Prison

 

Seule dans ma cellule, je n’ai rien d’autre à faire que ressasser ma vie. Une vie entière passée à rêver à un ailleurs où je serais libre, où je ferais ce qu’il me plaît, à un ailleurs où je déciderais moi-même de ma propre existence, où…

Quand je dis seule, c’est un peu faux, nous sommes deux par cellule de dix mètres carrés. Nous voyons le soleil, nous disposons d’une cafetière, je ne suis pas à Guantanamo quoi.

On ne se connaissait pas mais on s’est tout de suite bien entendues, c’est une fille, comme moi. Je ne sais pas quel est son crime. Mais je crois qu’elle est là de sa propre initiative.

Quand ils ne viennent pas m’emmerder avec leurs ridicules tâches de réinsertion, je lis. Et là, je me sens libre, comme avant. Ce sont les livres qui m’ont donné le goût de la liberté. Peut-être sont-ce eux qui m’ont emprisonnée aussi, finalement, certainement. Les gens qui ne lisent pas ne s’évadent pas ailleurs, ils ne veulent pas s’évader d’ici, car peut-être est-ce un endroit qui leur convient. Je ne sais pas. Car j’ai toujours lu.

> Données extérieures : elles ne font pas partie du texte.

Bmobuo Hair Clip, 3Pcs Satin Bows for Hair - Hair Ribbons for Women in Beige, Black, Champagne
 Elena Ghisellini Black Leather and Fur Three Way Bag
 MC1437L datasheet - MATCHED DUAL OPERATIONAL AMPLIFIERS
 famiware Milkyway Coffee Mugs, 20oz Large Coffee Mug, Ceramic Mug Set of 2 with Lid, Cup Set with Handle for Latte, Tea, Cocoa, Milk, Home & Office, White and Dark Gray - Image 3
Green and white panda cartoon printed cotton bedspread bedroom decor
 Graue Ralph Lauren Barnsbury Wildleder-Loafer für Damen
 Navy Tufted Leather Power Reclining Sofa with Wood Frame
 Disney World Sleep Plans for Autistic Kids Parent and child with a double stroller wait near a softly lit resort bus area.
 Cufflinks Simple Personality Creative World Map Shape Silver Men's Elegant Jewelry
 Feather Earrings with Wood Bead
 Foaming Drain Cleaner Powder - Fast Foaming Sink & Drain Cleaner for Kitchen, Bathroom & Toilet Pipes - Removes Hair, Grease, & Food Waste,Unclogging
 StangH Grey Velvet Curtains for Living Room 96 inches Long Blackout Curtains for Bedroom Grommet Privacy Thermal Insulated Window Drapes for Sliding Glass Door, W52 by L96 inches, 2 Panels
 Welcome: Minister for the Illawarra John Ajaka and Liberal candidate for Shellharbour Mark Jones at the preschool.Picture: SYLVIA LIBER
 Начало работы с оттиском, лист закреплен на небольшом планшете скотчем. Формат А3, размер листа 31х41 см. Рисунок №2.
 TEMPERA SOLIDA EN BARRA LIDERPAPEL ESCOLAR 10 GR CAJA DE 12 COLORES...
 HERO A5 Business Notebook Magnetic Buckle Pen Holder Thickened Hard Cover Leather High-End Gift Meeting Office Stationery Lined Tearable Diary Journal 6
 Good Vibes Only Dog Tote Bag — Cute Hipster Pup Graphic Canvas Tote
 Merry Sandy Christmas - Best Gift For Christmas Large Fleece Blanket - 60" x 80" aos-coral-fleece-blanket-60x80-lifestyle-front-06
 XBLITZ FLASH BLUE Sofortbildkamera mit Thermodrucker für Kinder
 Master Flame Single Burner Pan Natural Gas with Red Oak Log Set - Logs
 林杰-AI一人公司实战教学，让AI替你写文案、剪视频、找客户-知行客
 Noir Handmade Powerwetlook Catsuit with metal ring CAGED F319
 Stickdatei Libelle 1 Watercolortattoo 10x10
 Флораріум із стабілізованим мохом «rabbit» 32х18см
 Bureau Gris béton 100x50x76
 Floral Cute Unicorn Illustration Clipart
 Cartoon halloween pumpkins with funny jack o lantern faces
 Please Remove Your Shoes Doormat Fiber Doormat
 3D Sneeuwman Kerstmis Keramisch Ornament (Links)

Ma colocataire, lorsqu’elle sortira, retrouvera la maison qu’elle et son ami ont fait construire.

Moi, je n’ai bâti ni demeure, ni relation, je n’ai pas d’ami qui m’attende à ma sortie et pas de murs enracinés dans un crédit foncier.

Et c’est très bien ainsi.

Je crois qu’elle attend un enfant aussi, lorsqu’il naîtra, ils lui permettront de partir.

Je n’ai pas d’enfant non plus. C’est drôle car je suis plus âgée qu’elle. Mais même si personne ne sera là pour m’accueillir à la sortie, même si je ne retrouverai rien et que ma vie sera plus vide encore qu’ici, je veux partir. Car je vais crever à petit feu en faisant semblant d’exister.

Pourtant, c’est confortable, il n’y a rien à dire, les gens sont sévères, un peu particuliers, mais on s’y fait…C’est l’inaction qui me tue. Je ne peux même pas arpenter la cellule à petits pas affairés car elle est trop petite et je ne suis pas affairée.

Je m’ennuie et cela me fatigue. Même parler me fatigue au bout d’un certain temps. Parfois, je n’ai même plus envie de lire, tellement je sais que toutes ces histoires qu’ils racontent ne m’arriveront jamais. Moi, mon histoire, c’est celle que je vous raconte en ce moment.

Celle d’une vieille enfant de vingt-huit ans qui ne sait pas quoi faire de sa vie et erre de cases en cases, en priant très fort pour faire un double six et sortir du jeu le plus vite possible.

Je suis aujourd’hui fonctionnaire au sein d’une collectivité territoriale. Ma cellule, c’est le bureau du Directeur, ma colocataire, ma collègue de travail, il y a pire, c’est ce que je vous disais, mais moi je n’en peux plus. C’est ça l’histoire. Je veux partir.